Write out exactly, with no other output, the lines below from the one that contains "Women's Elegant Pointed" through the end.

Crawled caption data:
⟨
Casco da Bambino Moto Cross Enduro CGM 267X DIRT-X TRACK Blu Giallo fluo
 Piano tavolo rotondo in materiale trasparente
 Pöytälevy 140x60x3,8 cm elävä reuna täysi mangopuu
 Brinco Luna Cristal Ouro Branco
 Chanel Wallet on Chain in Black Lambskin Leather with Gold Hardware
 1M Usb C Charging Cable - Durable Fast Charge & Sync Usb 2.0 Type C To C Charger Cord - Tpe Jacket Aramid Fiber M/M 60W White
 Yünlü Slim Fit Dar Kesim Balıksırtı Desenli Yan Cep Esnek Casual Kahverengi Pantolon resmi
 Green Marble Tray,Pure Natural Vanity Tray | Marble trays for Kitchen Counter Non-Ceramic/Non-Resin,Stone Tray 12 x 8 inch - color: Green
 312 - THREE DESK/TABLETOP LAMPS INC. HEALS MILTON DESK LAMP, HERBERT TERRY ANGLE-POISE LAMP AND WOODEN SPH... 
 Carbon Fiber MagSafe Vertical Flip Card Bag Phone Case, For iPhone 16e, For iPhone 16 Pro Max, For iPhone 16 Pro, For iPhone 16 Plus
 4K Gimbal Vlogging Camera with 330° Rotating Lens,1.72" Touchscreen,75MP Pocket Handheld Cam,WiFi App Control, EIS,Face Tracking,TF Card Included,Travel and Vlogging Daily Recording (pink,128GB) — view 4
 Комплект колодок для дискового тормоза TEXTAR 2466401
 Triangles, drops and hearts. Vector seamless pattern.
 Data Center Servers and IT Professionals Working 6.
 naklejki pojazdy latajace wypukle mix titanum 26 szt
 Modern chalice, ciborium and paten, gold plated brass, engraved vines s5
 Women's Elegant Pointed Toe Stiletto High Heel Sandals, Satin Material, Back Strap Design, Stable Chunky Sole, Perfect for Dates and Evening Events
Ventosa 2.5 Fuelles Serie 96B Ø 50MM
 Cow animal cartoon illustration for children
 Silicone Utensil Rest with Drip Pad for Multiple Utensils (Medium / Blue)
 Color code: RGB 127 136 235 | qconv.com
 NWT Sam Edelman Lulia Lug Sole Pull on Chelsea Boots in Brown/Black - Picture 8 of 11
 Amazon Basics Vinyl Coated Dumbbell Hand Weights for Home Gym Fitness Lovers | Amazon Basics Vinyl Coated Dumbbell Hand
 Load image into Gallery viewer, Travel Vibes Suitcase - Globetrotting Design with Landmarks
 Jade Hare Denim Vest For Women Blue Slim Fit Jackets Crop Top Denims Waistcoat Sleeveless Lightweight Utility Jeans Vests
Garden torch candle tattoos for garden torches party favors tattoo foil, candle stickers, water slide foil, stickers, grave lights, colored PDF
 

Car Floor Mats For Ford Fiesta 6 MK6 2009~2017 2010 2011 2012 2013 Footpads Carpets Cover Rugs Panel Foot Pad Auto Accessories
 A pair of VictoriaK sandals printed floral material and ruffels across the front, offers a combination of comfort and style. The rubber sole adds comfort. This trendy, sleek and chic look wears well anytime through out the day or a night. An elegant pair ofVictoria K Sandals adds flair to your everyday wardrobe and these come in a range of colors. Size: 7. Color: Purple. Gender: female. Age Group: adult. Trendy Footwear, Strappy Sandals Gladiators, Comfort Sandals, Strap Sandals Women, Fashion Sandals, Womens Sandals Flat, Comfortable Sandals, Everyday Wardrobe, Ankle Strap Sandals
⟩
■ **OUTPUT BELOW**
 Women's Elegant Pointed Toe Stiletto High Heel Sandals, Satin Material, Back Strap Design, Stable Chunky Sole, Perfect for Dates and Evening Events
Ventosa 2.5 Fuelles Serie 96B Ø 50MM
 Cow animal cartoon illustration for children
 Silicone Utensil Rest with Drip Pad for Multiple Utensils (Medium / Blue)
 Color code: RGB 127 136 235 | qconv.com
 NWT Sam Edelman Lulia Lug Sole Pull on Chelsea Boots in Brown/Black - Picture 8 of 11
 Amazon Basics Vinyl Coated Dumbbell Hand Weights for Home Gym Fitness Lovers | Amazon Basics Vinyl Coated Dumbbell Hand
 Load image into Gallery viewer, Travel Vibes Suitcase - Globetrotting Design with Landmarks
 Jade Hare Denim Vest For Women Blue Slim Fit Jackets Crop Top Denims Waistcoat Sleeveless Lightweight Utility Jeans Vests
Garden torch candle tattoos for garden torches party favors tattoo foil, candle stickers, water slide foil, stickers, grave lights, colored PDF
 

Car Floor Mats For Ford Fiesta 6 MK6 2009~2017 2010 2011 2012 2013 Footpads Carpets Cover Rugs Panel Foot Pad Auto Accessories
 A pair of VictoriaK sandals printed floral material and ruffels across the front, offers a combination of comfort and style. The rubber sole adds comfort. This trendy, sleek and chic look wears well anytime through out the day or a night. An elegant pair ofVictoria K Sandals adds flair to your everyday wardrobe and these come in a range of colors. Size: 7. Color: Purple. Gender: female. Age Group: adult. Trendy Footwear, Strappy Sandals Gladiators, Comfort Sandals, Strap Sandals Women, Fashion Sandals, Womens Sandals Flat, Comfortable Sandals, Everyday Wardrobe, Ankle Strap Sandals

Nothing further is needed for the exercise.